The next step is to make the machining boundary. I know there is a function for making a rectangular boundary in one call, but I like to do it from first principles. A boundary is a set of paths (because there can be islands). The Build function is the same as the one on FsSurface — it puts things into boxes so we can do particular function calls very fast (eg measure the distance to the boundary from a given point if it is less than 1mm away).

ulo, uhi, vlo, vhi = -50, 550, -50, 550
fsboundary = FsBoundaries.New()
fspath = FsPath2X.New(0.0)
fspath.Start(ulo, vlo)
fspath.AddLine(uhi, vlo)
fspath.AddLine(uhi, vhi)
fspath.AddLine(ulo, vhi)
fspath.AddLine(ulo, vlo)
fsboundary = FsBoundaries.New()

Now we can make the implicit area, which is the object that defines how the pencil milling algorithm will operate, and is based on the standard boundary detection algorithm that is used for slices, except it is a very special case where there is no inside because the boundaries are actually doubled up and down the channels. There’s no way I can explain it very well without a whole lot more diagrams, but it is geometrically natural. Once again there are numerous hidden parameters controlling how well the contours are followed and the tolerance. For example, maxHdiffContour is the largest segment length as we track the contour, deltaHdiffContour is the shortest segment length, and minCNdotContour is the cosine of the largest angle change allowed between two segments (as long as they are both greater than deltaHdiffContour in length). In terms of the pencil milling, minCNdotFibrePencil is the cosine of the bitangency angle.
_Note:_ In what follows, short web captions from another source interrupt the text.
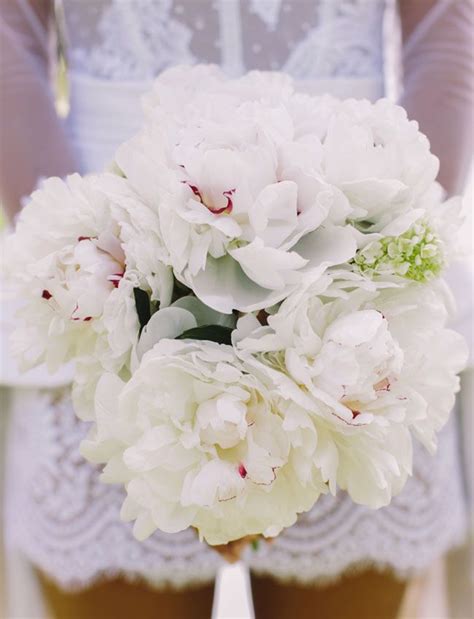 Cosmo's florist can create your own unique design for your special day. Stylish Sydney Harbour Wedding: Rachel + Jack | Floral ...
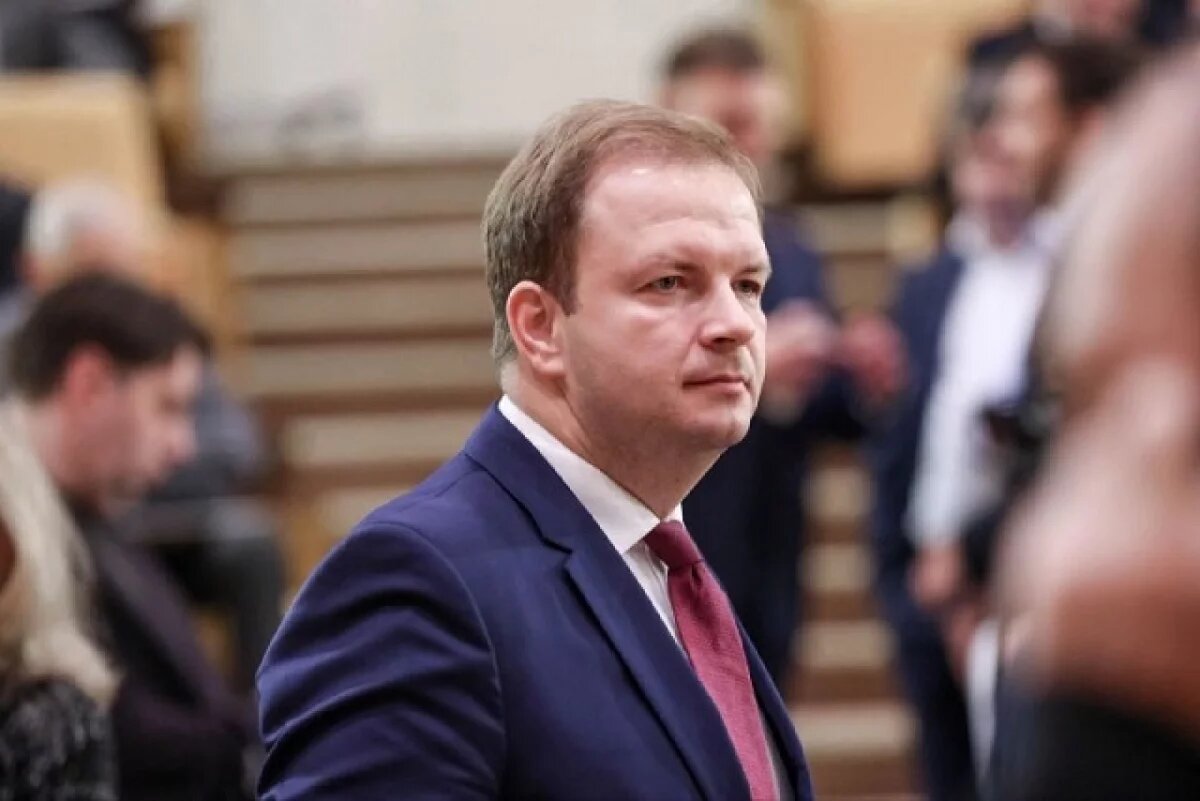    Владимирцы пожаловались депутату Говырину на чиновников за срубленную елку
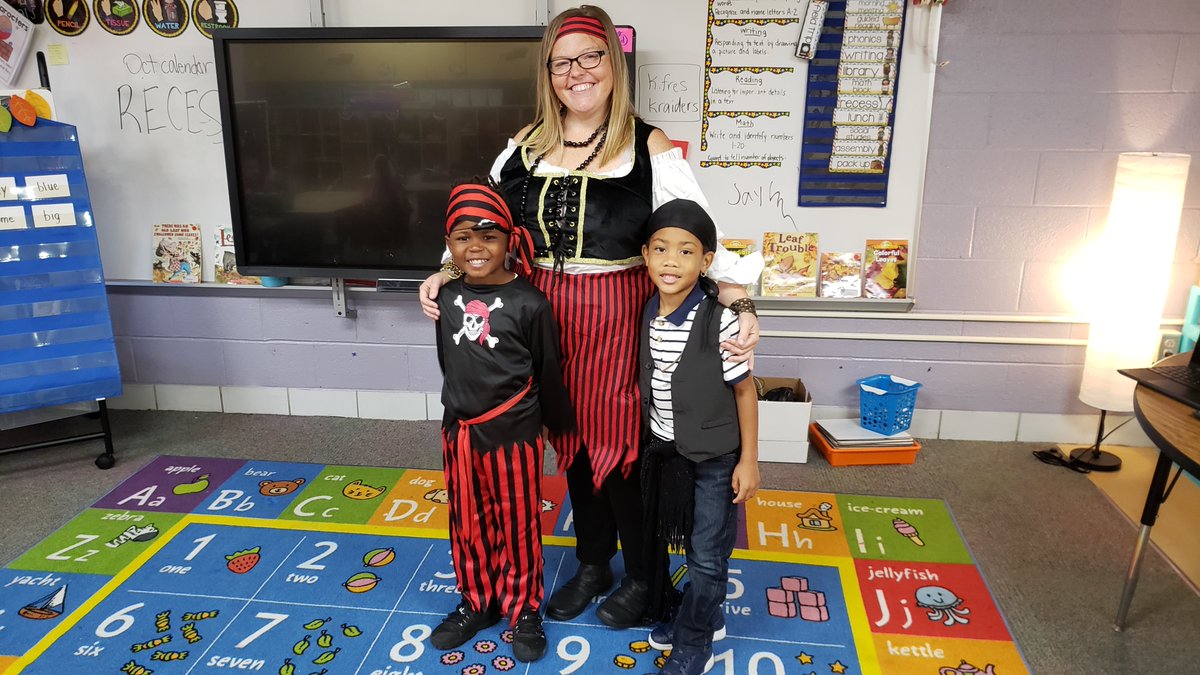 life_kinder's tweet photo. Such a fun dress like a Pirate/Princess day at French Run Elementary! #frenchrun @FR_Firebirds @MsWalker_FR https://t.co/51eLZteLBe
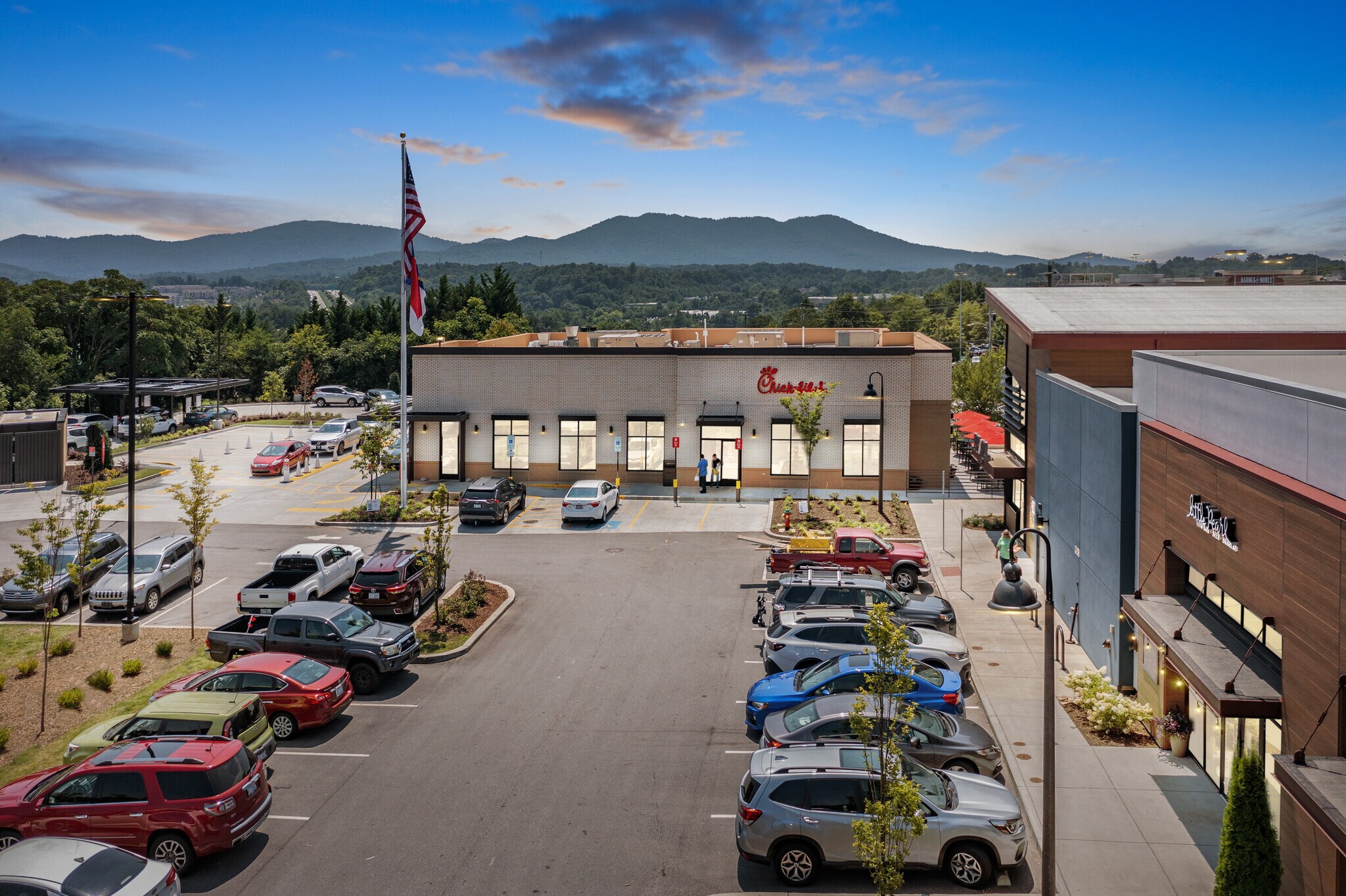 21 Peaks Center Ln, Asheville, NC for sale Building Photo- Image 1 of 1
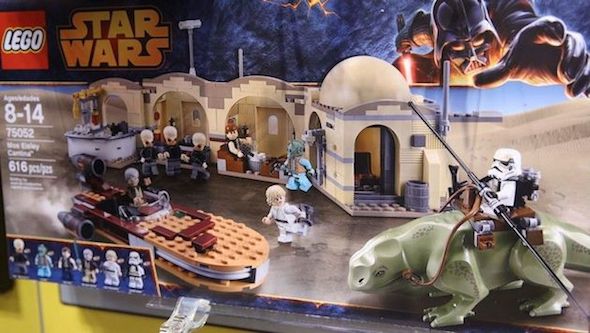 lego-75052-star-wars-Mos-Eisley-Cantina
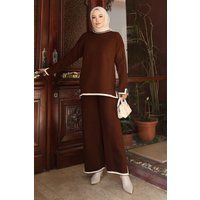 Lang geschnittenes Ensemble mit Kontrastdetails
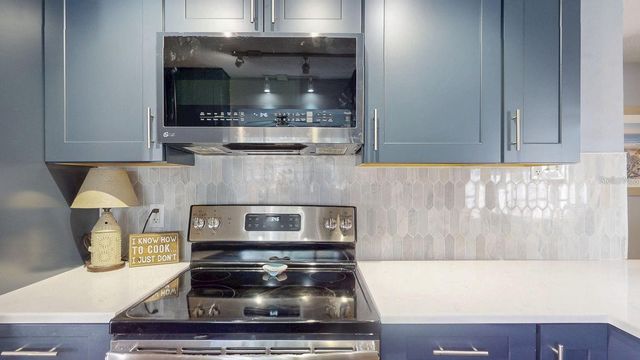 3075 ROSERY ROAD NE, Largo, FL 33771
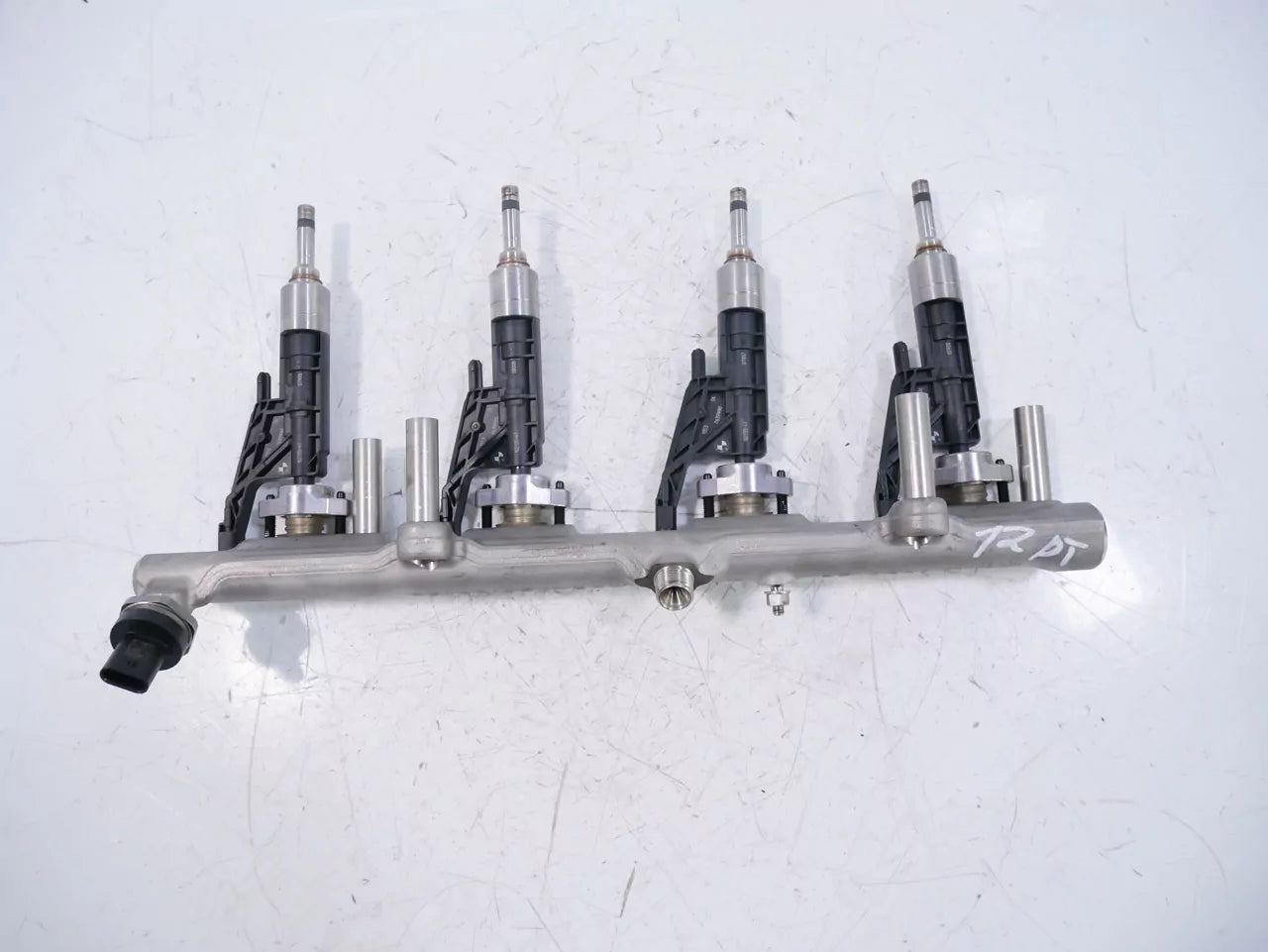 Riel inyector con toberas BMW F32 F33 2.0 420 425 i B48B20A B48B 8694198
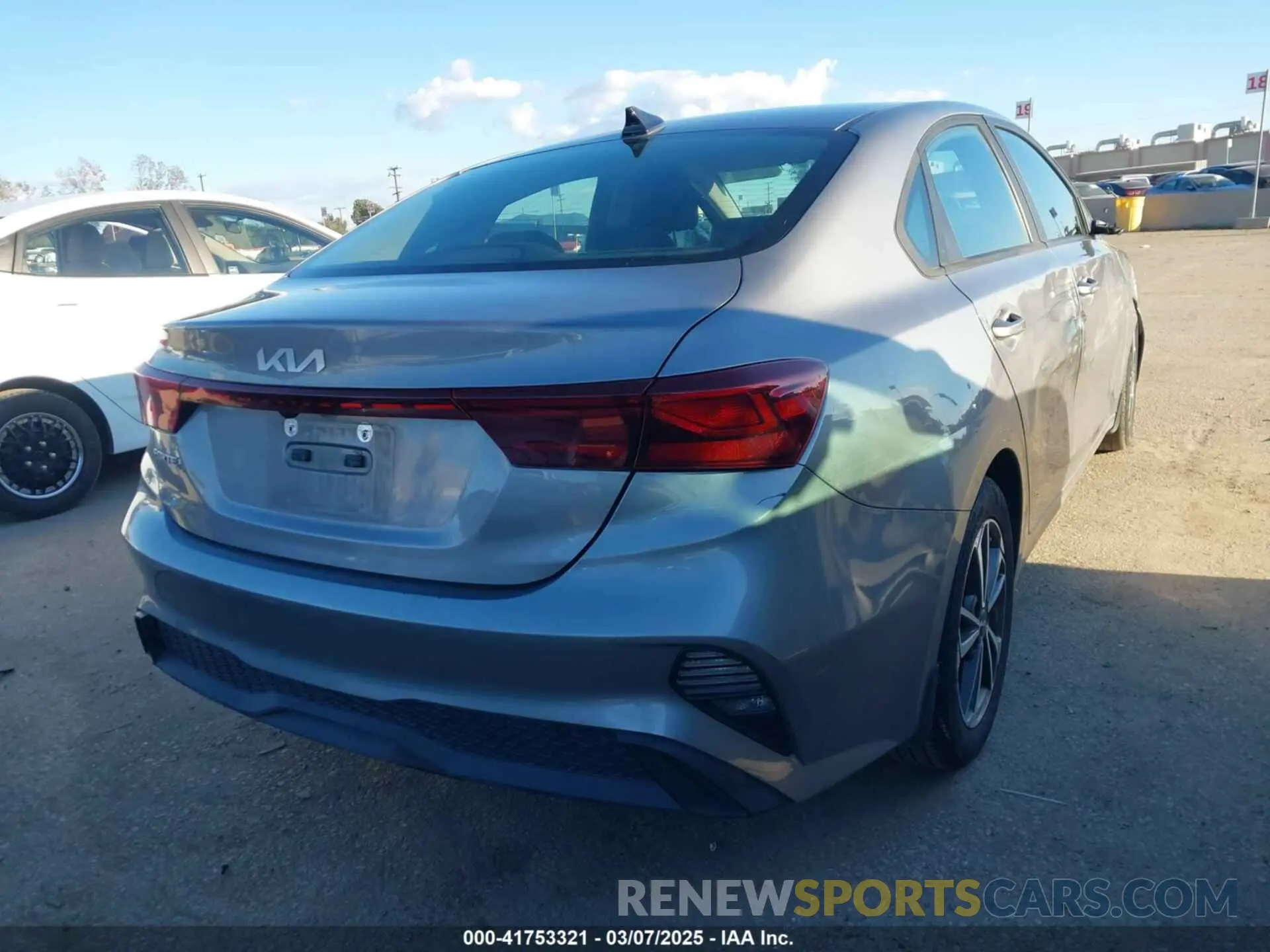 4 Фотография поврежденного автомобиля 3KPF24AD8PE558760 KIA FORTE 2023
fsia = FsImplicitAreaSurface.New(FsImplicitAreaSurface.IAT_PENCIL)
fsia.SetMachiningBoundaries(fsboundary, 0)
#SetPencilConditions(deltaHdiffFibrePencil, maxHdiffFibrePencil, maxZdiffFibrePencil, 
    minCNdotFibrePencil, marginZCdiffFibrePencil, marginCNZbothFibrePencil, False)
fsia.SetPencilConditions(0.002, 2, 2, 0.93, 1, 1, False)
#SetContourConditions(minCNdotContour, maxZdiffContour, deltaHdiffContour, 
    maxHdiffContour, maxCPcuspContour, minBNdotContour)
fsia.SetContourConditions(0.9, -1.0, 0.002, 2, -1.0, 0.9)

I can see a good deal more documentation and rationalization needs to go on, as well as some interesting systems for isolation testing to get an idea of how much things change when the settings are changed on experimental parts. Often the tolerance requested by the user implies one sample rate, but the input geometry requires operating at a smaller sample rate so it doesn’t accidentally skip over a feature, which means that they get a tighter tolerance than they wanted. (Tighter tolerances are not desirable as they take longer to calculate. I wonder if every algorithm should return the tolerance it actually thinks it got?)

Now we make the weave, which is the boundary model derived from the implicit area.

fsweave = FsWeave.New()
fsweave.SetShape(ulo-10, uhi+10, vlo-10, vhi+10, 2.1)

Remember I said that pencil contours were special because they are doubled up? It requires special functions to pull them out:

npp = fsia.PencilPathContours(fsweave, 5.0, 4.0, 0.0)
pths = [ ]
for ipp in range(npp):
    fspath = FsPath2X.New(0)
    RecordPencilContour(fspath, fsweave, ipp, 0.02)
    print "path", ipp, "with points", fspath.GetNpts()
    pths.append([ (fspath.GetD(i, 0), fspath.GetD(i, 1), fspath.GetD(i, 2))  
                  for i in range(fspath.GetNpts()) ])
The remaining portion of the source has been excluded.